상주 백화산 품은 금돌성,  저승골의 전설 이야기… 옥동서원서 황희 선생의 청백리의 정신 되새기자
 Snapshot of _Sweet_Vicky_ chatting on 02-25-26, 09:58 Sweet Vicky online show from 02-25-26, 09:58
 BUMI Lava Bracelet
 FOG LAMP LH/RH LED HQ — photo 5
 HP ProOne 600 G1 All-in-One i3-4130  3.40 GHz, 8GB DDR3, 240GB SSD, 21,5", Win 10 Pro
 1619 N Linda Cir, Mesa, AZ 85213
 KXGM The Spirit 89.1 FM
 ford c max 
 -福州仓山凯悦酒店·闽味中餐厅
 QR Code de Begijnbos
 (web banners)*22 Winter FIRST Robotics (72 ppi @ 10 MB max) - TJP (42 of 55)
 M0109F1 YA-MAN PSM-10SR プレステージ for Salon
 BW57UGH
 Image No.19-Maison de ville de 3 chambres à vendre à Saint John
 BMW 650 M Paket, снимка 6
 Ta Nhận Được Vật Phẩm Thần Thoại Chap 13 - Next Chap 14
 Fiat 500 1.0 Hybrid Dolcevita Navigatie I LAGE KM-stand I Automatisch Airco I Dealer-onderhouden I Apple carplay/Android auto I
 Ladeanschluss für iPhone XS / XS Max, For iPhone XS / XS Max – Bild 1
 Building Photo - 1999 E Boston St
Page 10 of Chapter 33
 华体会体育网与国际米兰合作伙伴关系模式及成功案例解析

— EXERCISE REQUIREMENTS —
With the material above as the source, restate each line word for word.

— SOLVED PROBLEM —
상주 백화산 품은 금돌성,  저승골의 전설 이야기… 옥동서원서 황희 선생의 청백리의 정신 되새기자
 Snapshot of _Sweet_Vicky_ chatting on 02-25-26, 09:58 Sweet Vicky online show from 02-25-26, 09:58
 BUMI Lava Bracelet
 FOG LAMP LH/RH LED HQ — photo 5
 HP ProOne 600 G1 All-in-One i3-4130  3.40 GHz, 8GB DDR3, 240GB SSD, 21,5", Win 10 Pro
 1619 N Linda Cir, Mesa, AZ 85213
 KXGM The Spirit 89.1 FM
 ford c max 
 -福州仓山凯悦酒店·闽味中餐厅
 QR Code de Begijnbos
 (web banners)*22 Winter FIRST Robotics (72 ppi @ 10 MB max) - TJP (42 of 55)
 M0109F1 YA-MAN PSM-10SR プレステージ for Salon
 BW57UGH
 Image No.19-Maison de ville de 3 chambres à vendre à Saint John
 BMW 650 M Paket, снимка 6
 Ta Nhận Được Vật Phẩm Thần Thoại Chap 13 - Next Chap 14
 Fiat 500 1.0 Hybrid Dolcevita Navigatie I LAGE KM-stand I Automatisch Airco I Dealer-onderhouden I Apple carplay/Android auto I
 Ladeanschluss für iPhone XS / XS Max, For iPhone XS / XS Max – Bild 1
 Building Photo - 1999 E Boston St
Page 10 of Chapter 33
 华体会体育网与国际米兰合作伙伴关系模式及成功案例解析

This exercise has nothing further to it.